Source material:
::::::

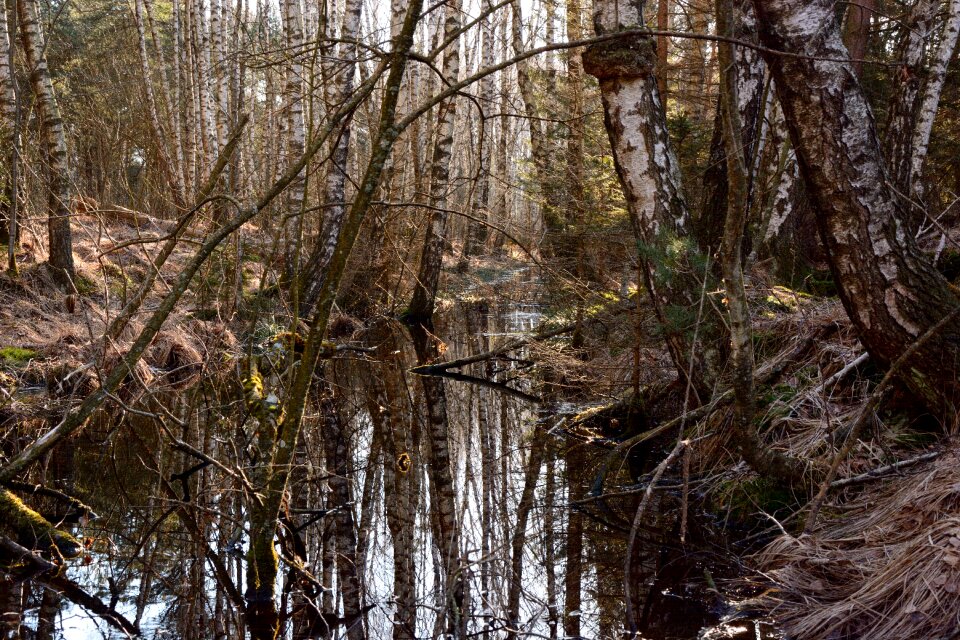 Nature nature reserve nature conservation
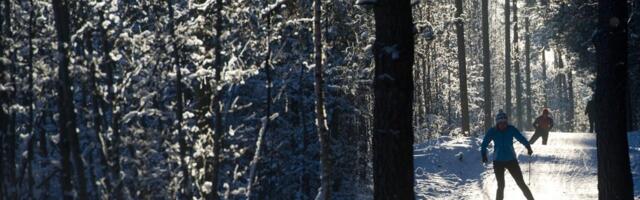 Saladus Soome murdmaasuusatamisest_ kuus tippsuusatajat tegelesid 1970ndate lõpus verevahetusega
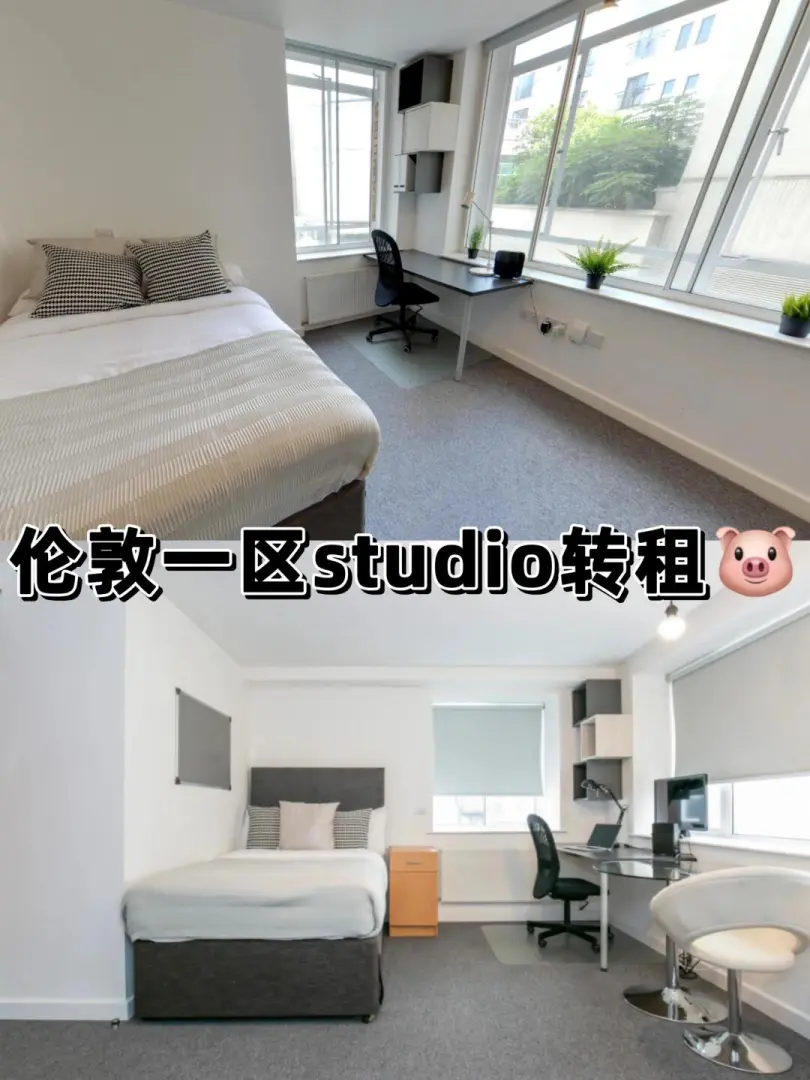 伦敦有无好心人接手我的studio/9月转🐷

::::::

Exercise directions:
This task calls for the lines from the line containing "Saladus Soome murdmaasuusatamisest_" through the end of the listing, set down exactly and only, with pictures omitted.

Answer space:
 Saladus Soome murdmaasuusatamisest_ kuus tippsuusatajat tegelesid 1970ndate lõpus verevahetusega
 伦敦有无好心人接手我的studio/9月转🐷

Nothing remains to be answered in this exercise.